I stumbled across the following code in pystate.c in Python-3.12.4

#ifdef HAVE_THREAD_LOCAL
_Py_thread_local PyThreadState *_Py_tss_tstate = NULL;
#endif

static inline PyThreadState *
current_fast_get(_PyRuntimeState *Py_UNUSED(runtime))
{
#ifdef HAVE_THREAD_LOCAL
    return _Py_tss_tstate;
#else
    // XXX Fall back to the PyThread_tss_*() API.
#  error "no supported thread-local variable storage classifier"
#endif
}

I am trying to understand the comment // XXX Fall back to the PyThread_tss_() API, if the code is supposed to fall back to PyThread_tss_* api in case of no TLS support, why is there an #error thrown? will Python-3.12.4 not build without thread local storage support or is there some toggle for the same wherein we can build Python-3.12.4 without TLS support. Python-3.11 didn’t have a requirement of TLS(this code was not present in pystate.c in 3.11).

any help is much appreciated
thank you

Since Python 3.12 added support for a per-interpreter GIL (PEP 684), they use TLS to store the thread state (additional info in the issue), so yeah you can’t build CPython 3.12 and up without TLS.

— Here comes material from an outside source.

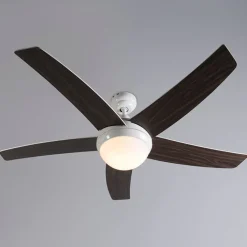 QAZQA Deckenventilator Mit Licht|Wohnzimmerlampen*Deckenventilator weiß mit Holzaufdruck 132cm mit Fernbedienung - Cool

The PR/commit message provides some context for your specific question about the #error directive:

Note that we do not provide a fallback to the thread-local, either falling back to the old tstate_current or to thread-specific storage (PyThread_tss_*()). If that proves problematic then we can circle back. I consider it unlikely, but will run the buildbots to double-check.

Thank you @bytemarx

I am trying to replace thread_local using thread specific storage api’s like thread_getspecific and thread_setspecific, since these are primitive and supported on many platforms including mine.

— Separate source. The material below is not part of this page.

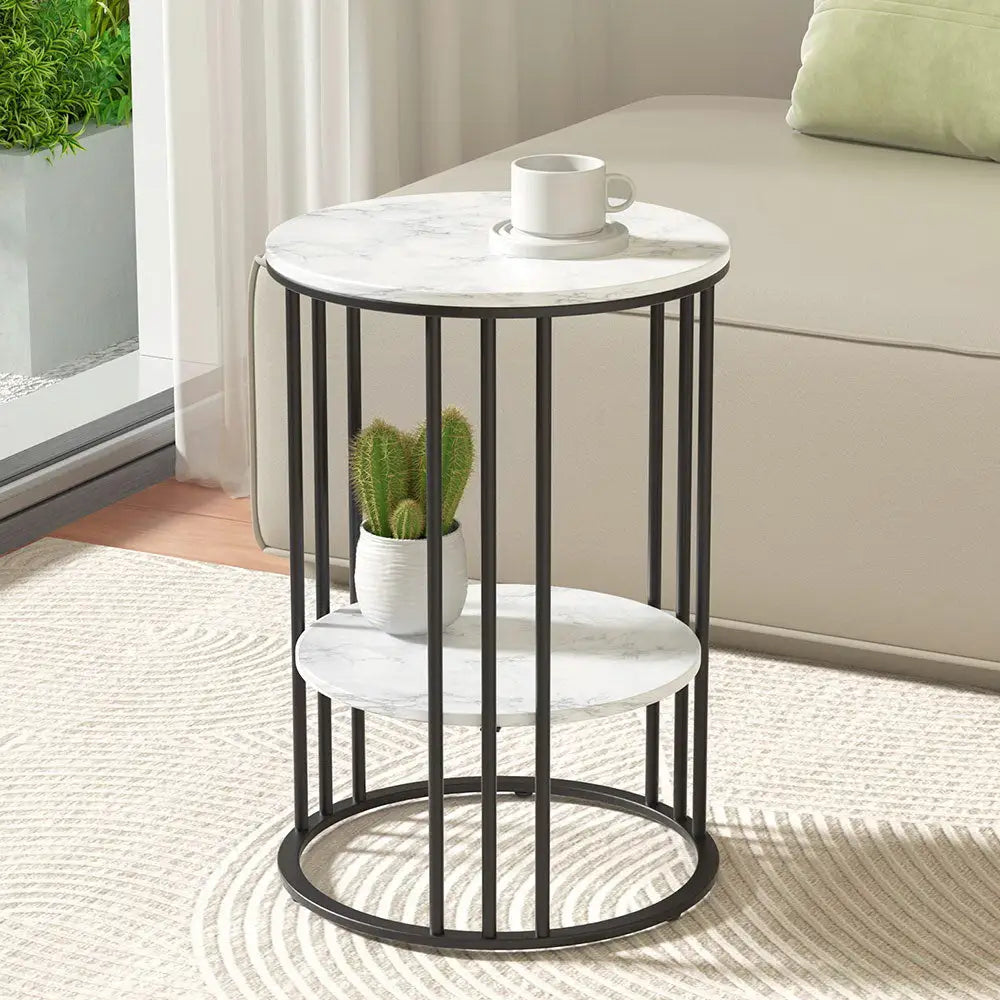Artiss Coffee Table 2-Tier Round Marble Effect - Furniture > Living Room > Coffee Tables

can something like the following be used in place of the above-mentioned code,

pthread_key_t tls_key;

// Function to set the thread-local tstate
void set_thread_local_pystate(PyThreadState* tstate) {
    pthread_setspecific(tls_key, tstate);
}

then in current_fast_set the following will be called as,

static inline void
current_fast_set(_PyRuntimeState *Py_UNUSED(runtime), PyThreadState *tstate)
{
    assert(tstate != NULL);
#ifdef HAVE_THREAD_LOCAL
    _Py_tss_tstate = tstate;
#elif defined(NO_THREAD_LOCAL)
    int status = 0;
    status = pthread_key_create((pthread_key_t *)&tls_key, NULL);
    set_thread_local_pystate(tstate);
    _Py_tss_tstate = tstate;
#else
    // XXX Fall back to the PyThread_tss_*() API.
#  error "no supported thread-local variable storage classifier"
#endif
}

will this work? or there are other considerations that need to be taken care of?

can we use any thread specific storage Apis (PyThread_tss_*) in place of #error directives?

any help is much appreciated.

So I’m not too familiar with using the POSIX thread-specific data APIs so correct me if I’m wrong, but I don’t think this will work as you’re overwriting your data key with each call to current_fast_set (you also still have _Py_tss_tstate = tstate; but I assume that was by mistake).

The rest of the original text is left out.